*** Opening DATA EXTRACT ***
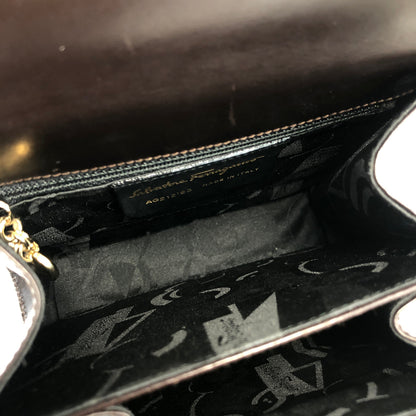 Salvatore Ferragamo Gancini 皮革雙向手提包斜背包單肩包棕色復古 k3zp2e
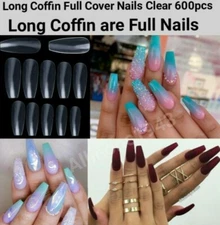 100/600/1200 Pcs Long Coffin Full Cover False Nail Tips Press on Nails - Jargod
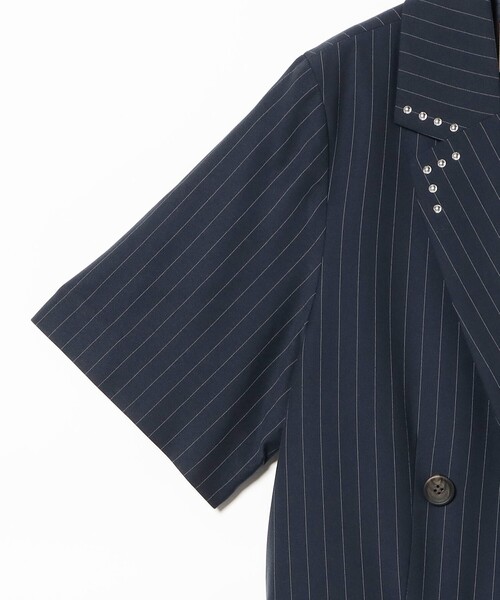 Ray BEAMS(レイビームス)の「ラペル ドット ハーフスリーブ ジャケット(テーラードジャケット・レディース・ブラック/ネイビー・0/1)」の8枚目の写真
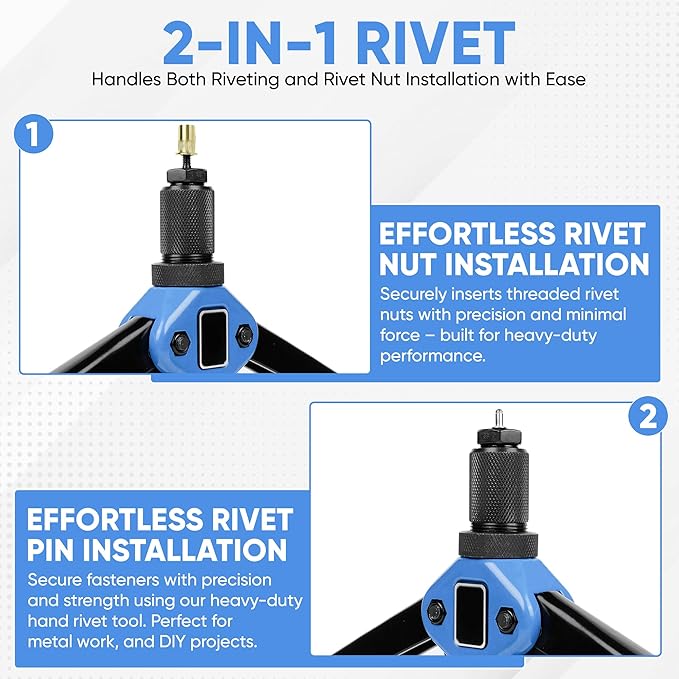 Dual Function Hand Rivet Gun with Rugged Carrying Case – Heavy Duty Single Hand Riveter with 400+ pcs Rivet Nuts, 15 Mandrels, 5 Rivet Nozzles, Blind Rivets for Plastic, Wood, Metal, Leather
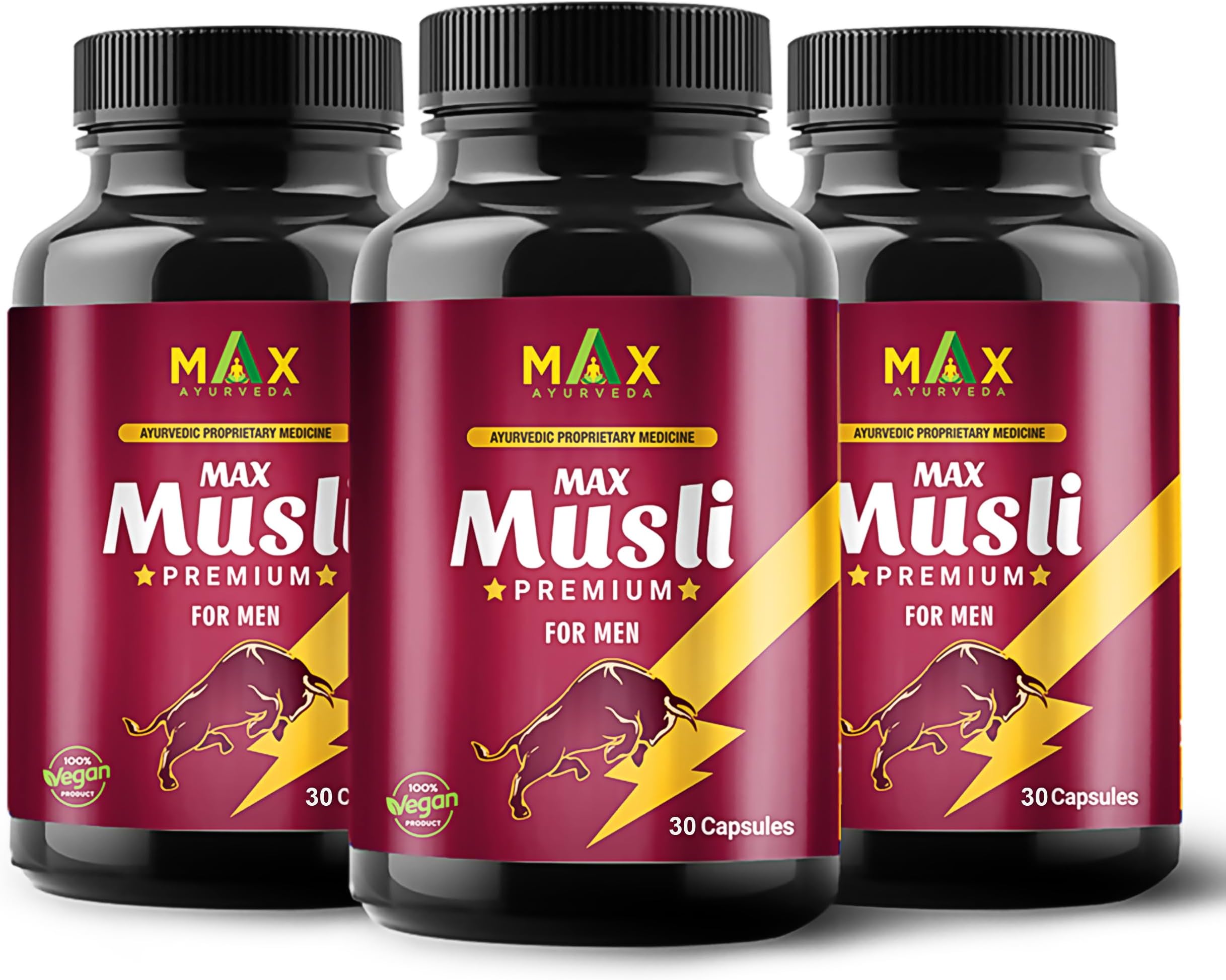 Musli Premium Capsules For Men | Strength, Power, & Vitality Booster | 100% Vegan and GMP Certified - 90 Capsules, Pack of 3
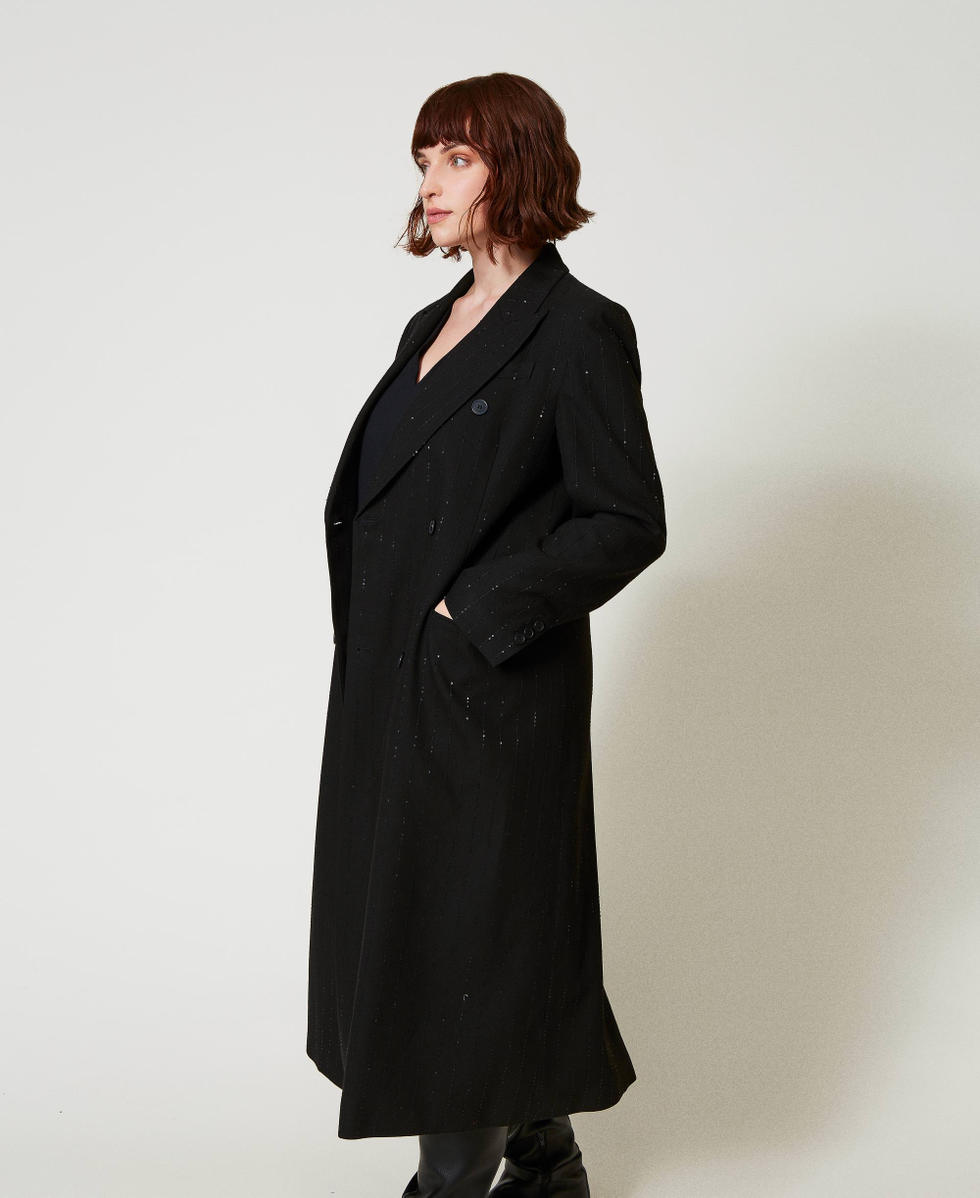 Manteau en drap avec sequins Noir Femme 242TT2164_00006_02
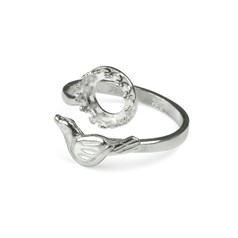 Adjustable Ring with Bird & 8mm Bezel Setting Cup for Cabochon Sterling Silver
*** Closing DATA EXTRACT ***
**PROBLEM DETAILS**
Leave out each picture and extract the lines from the one containing "Manteau en drap" through the end of the records above, inclusive, exactly as they stand.

**RESPONSE**
 Manteau en drap avec sequins Noir Femme 242TT2164_00006_02
 Adjustable Ring with Bird & 8mm Bezel Setting Cup for Cabochon Sterling Silver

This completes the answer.